There’s a level of commonality and friendly, down-home, common-sense to a room full of people in Trump hats, even if there’s not enough brainpower to turn on a lightbulb. Most of the people in the crowd for Huckabee were between the ages of 50 and 80, from what I could tell. Dozens of them wore military caps and yelled “Ooo-Rah!” when the producers started asking who had served in the military. They all shout and cheer whenever someone mentioned Jesus or Reagan. The man sitting next to me started chatting me up and told me he and his wife had driven down all the way from Pennsylvania to see the show, and he wasn’t alone. Half the audience or more was apparently from out of state. One of them even said he bought this trip for his wife for “part” of her anniversary gift.

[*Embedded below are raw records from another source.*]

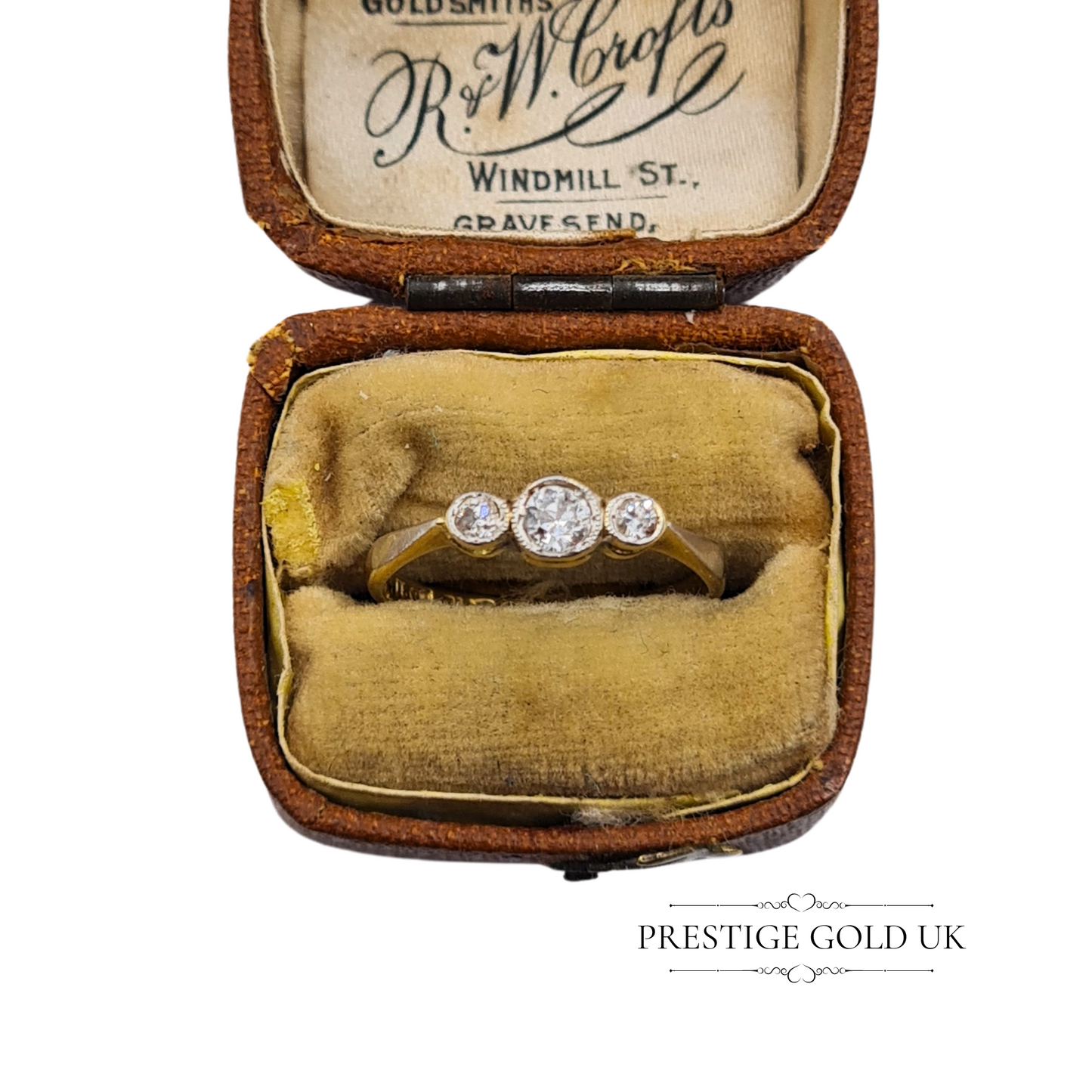 Vintage 18ct Gold & Platinum 3 Stone Diamond Trilogy Ring - UK K US 5 3/4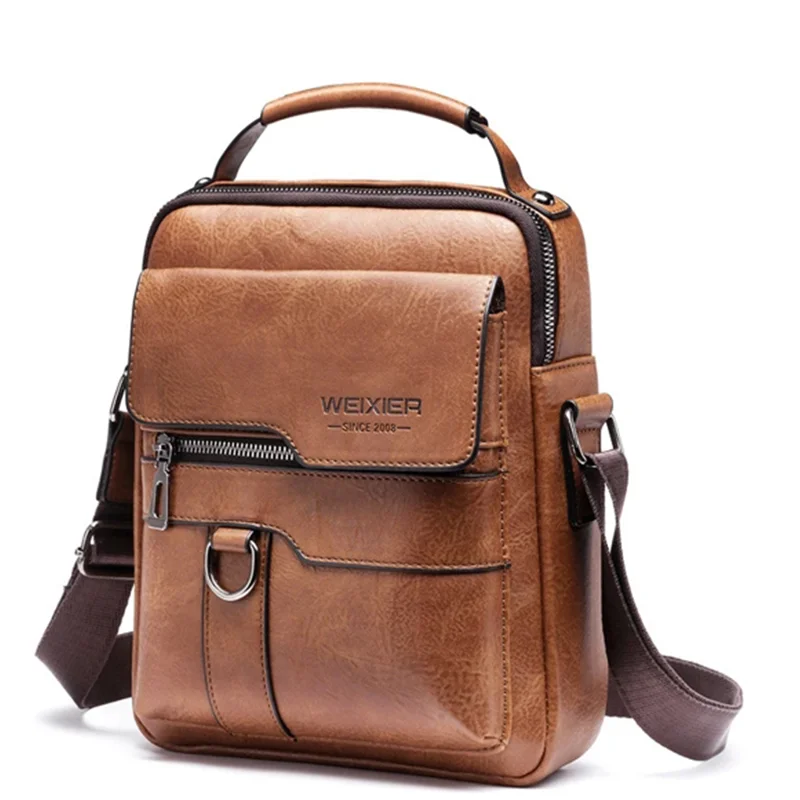 Classic Vintage Men Shoulder Bag Leather PU Business Men Crossbody Bag High Quality Designer Handle Handbag for Men Travel Bag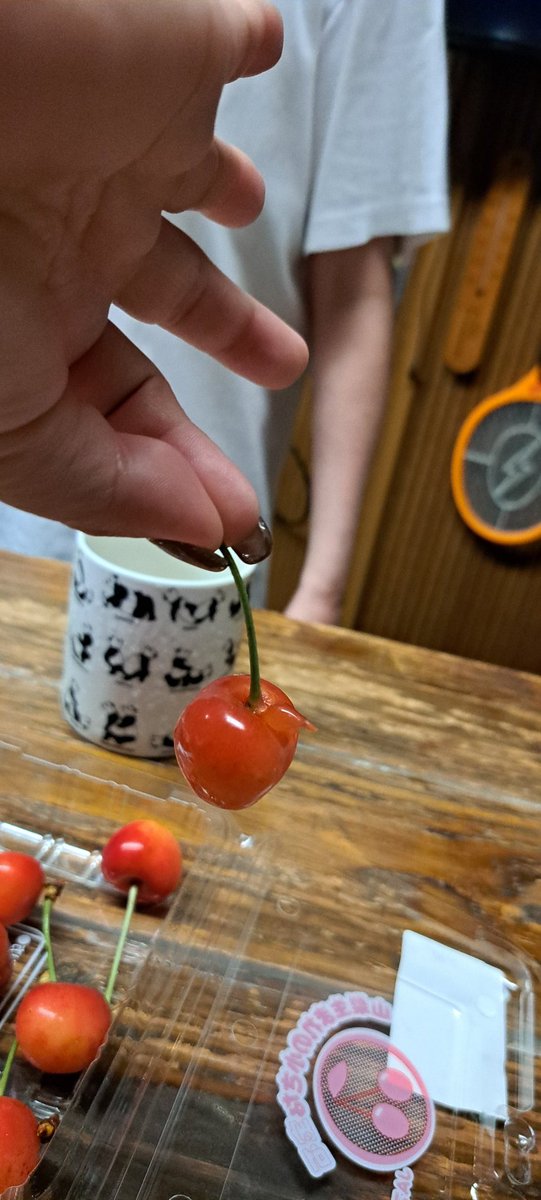 fumihiro_e's tweet photo. あらかわいい🍒
山梨行って買ったサクランボから発見😂😂😂 https://t.co/Jj3IoglXQV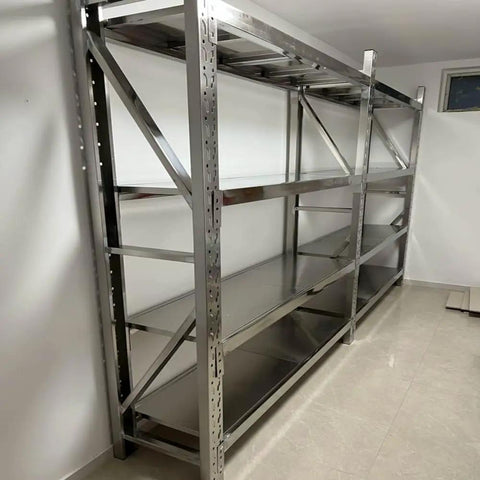 Ultra Durable 4 Shelf Garage Organizer Rack With 304 Stainless Steel Build For Tools, Power Cords And Storage Bins, Single Post Design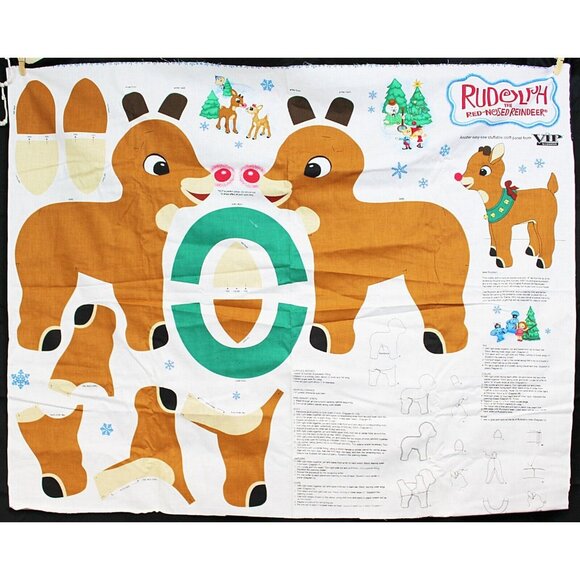 Cranston VIP Rudolph Plush Fabric Craft Panel Instructions Reindeer Christmas - Picture 1 of 8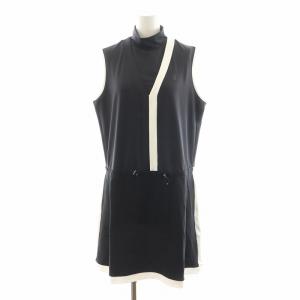 ブロッキングデザインワンピース ノースリーブ ひざ丈 ロゴ ゴルフウェア 42 黒 ブラック 白 ホワイト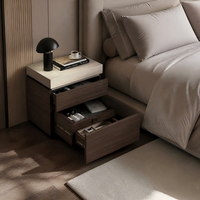 Table de chevet moderne minimaliste en bois massif, style italien, avec 3 tiroirs et compartiment secret dissimulé pour chambre principale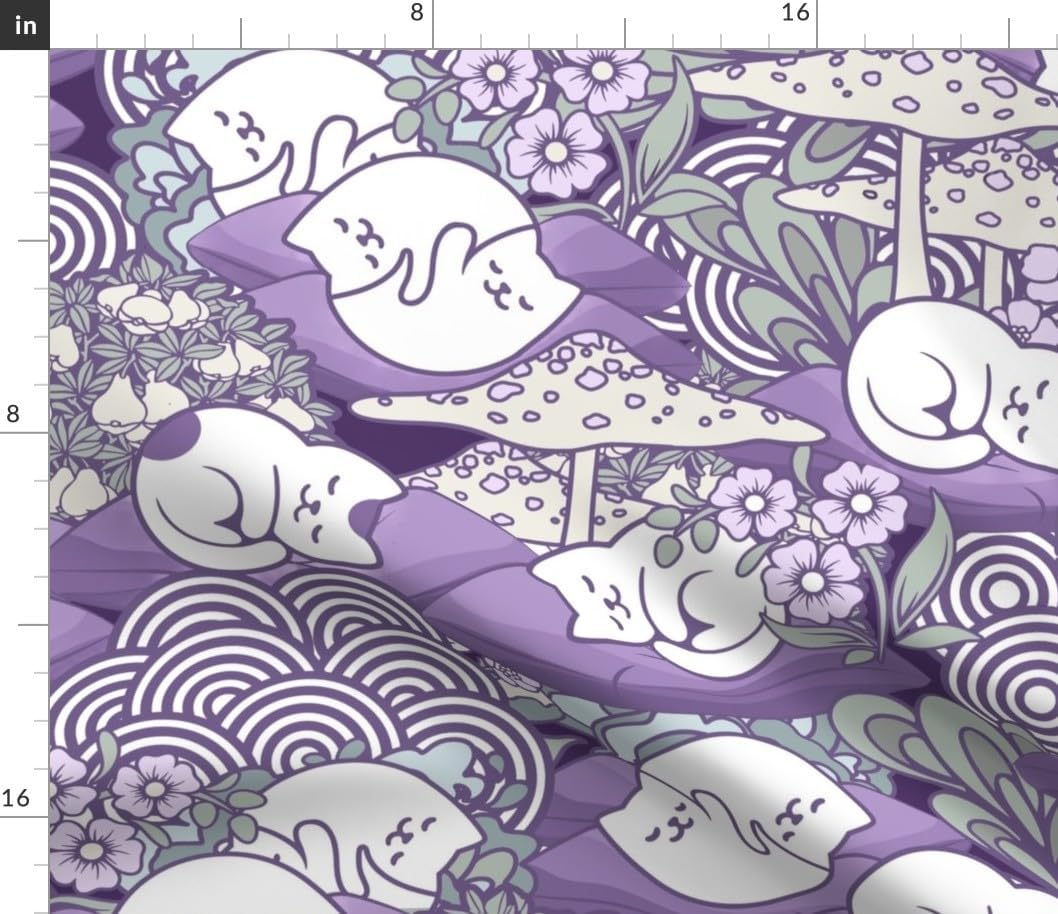 Spoonflower Fabric - Sleeping Cats Whimsical Purple Gray Toadstools Kawaii Kittens Printed on Petal Cotton Fabric by the Yard - Sewing Quilting Apparel Crafts Decor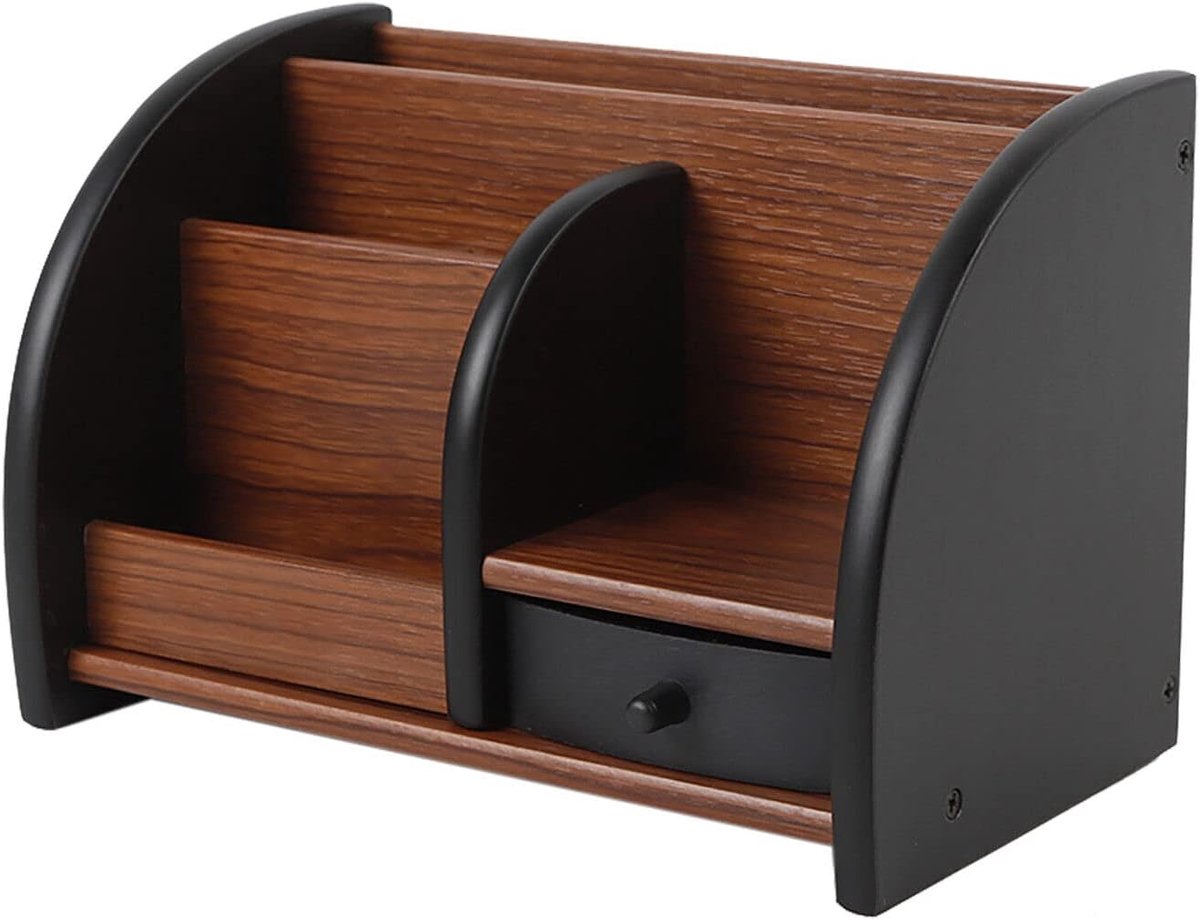 Bureau-organizer met lade en pennenhouder, bureau-organizer, ruimtebesparende bureau-organizer voor pennen, nietjes, mapklemmen, zelfklevende notities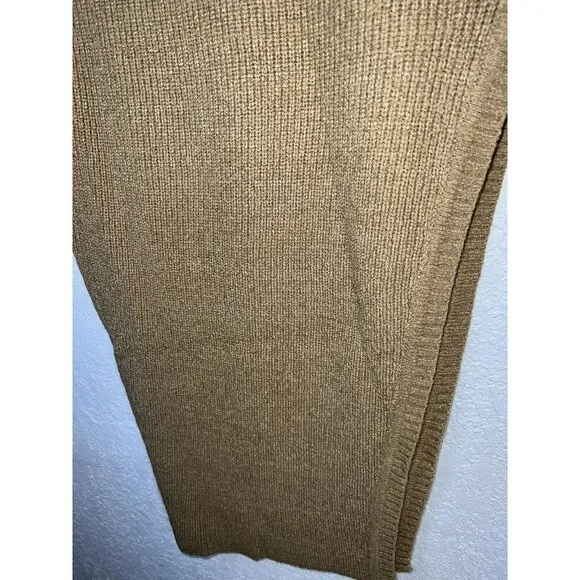New Ser.o.ya Midi Skirt Tan Stretch Sweater Knit Bodycon Slit Medium NWTS F1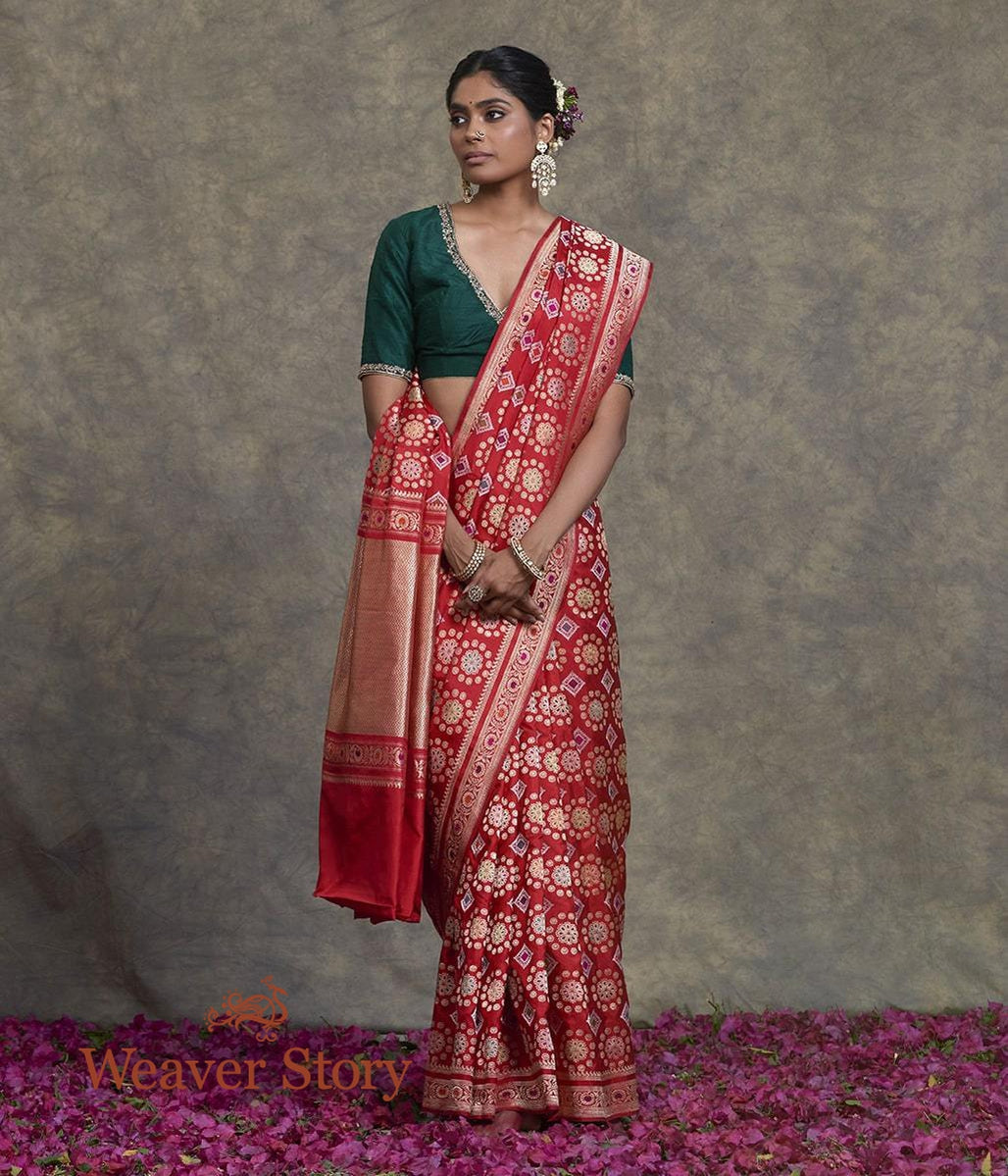 Handwoven_Banarasi_Jangla_in_Red_with_Intricate_Meenakari_WeaverStory_02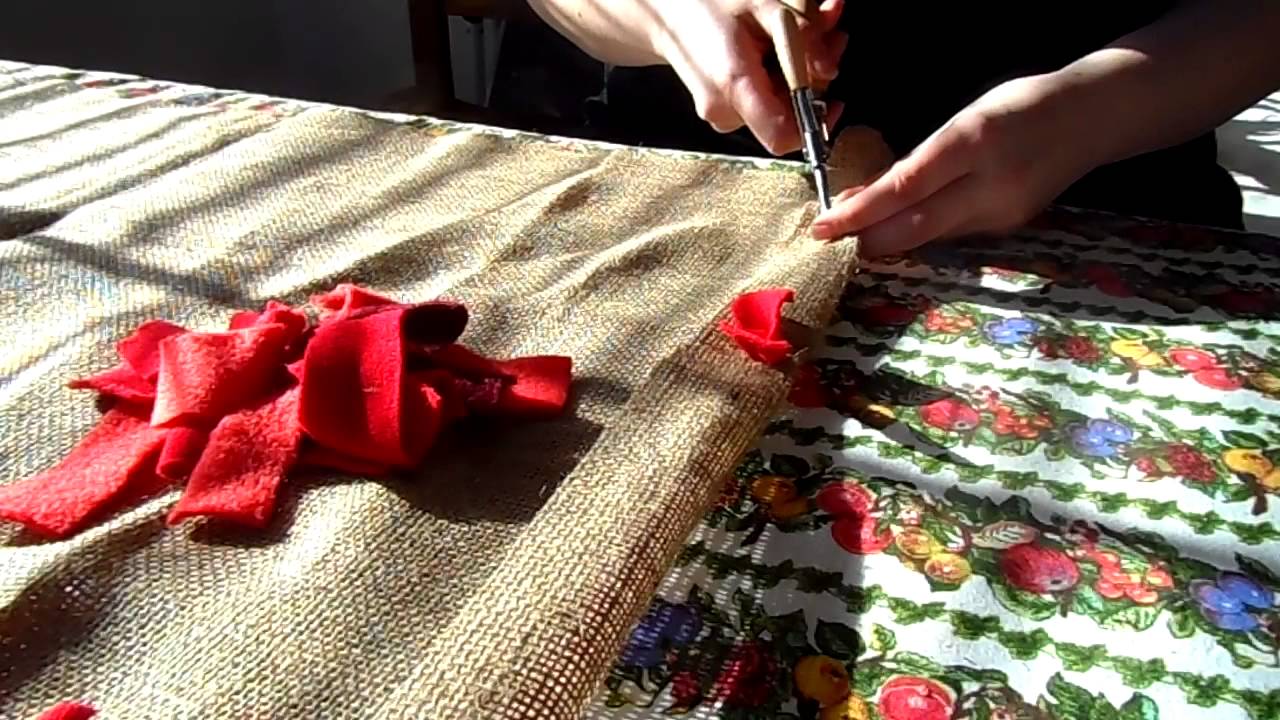 How To Do Rag Rugging How to hem a rag rug using your rag rugger - YouTube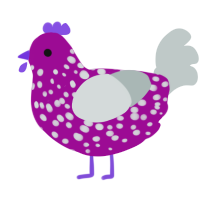 Sugar Plum, a plum and silver chicken with a speckle pattern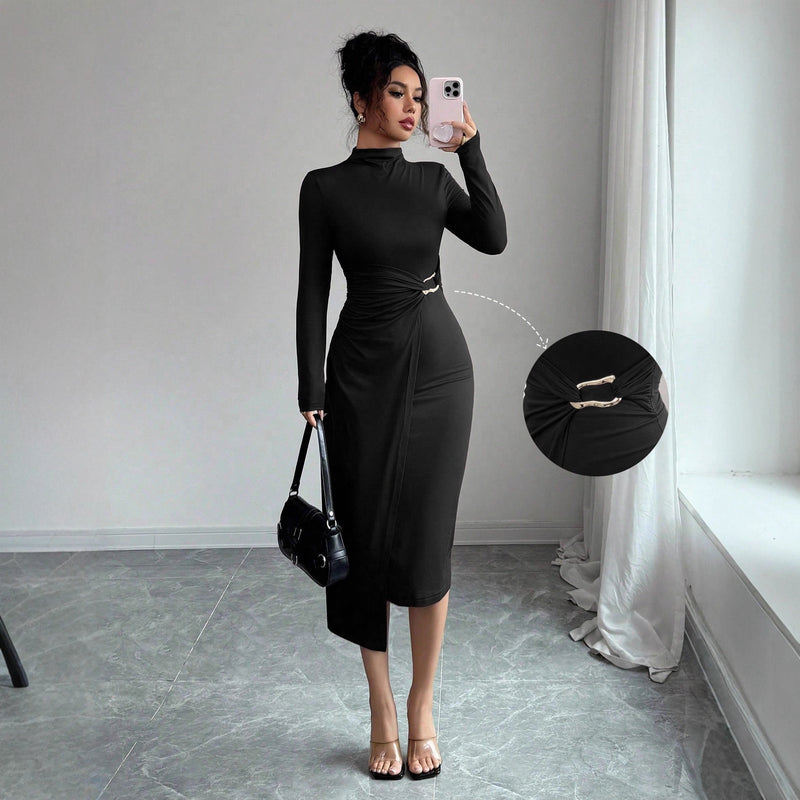 women's black knit maxi dress - MRSLM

These boomers WANTED to be here and they were having the time of their lives. It was almost wholesome!
Even if the experience as a whole felt rather tacky — seeing a space this grand and filled with history hollowed out into a talk show for a failed presidential candidate — the vibe of the experience was still enjoyable. It was like riding along in a truck with a thousand tacky Pro-Trump bumper stickers on the back and carrying a massive American flag strapped to the back that’s large enough to knock low-flying aircraft out of the sky, but the driver is really friendly and wants to tell you his war stories.
I can’t recommend that experience enough, for free!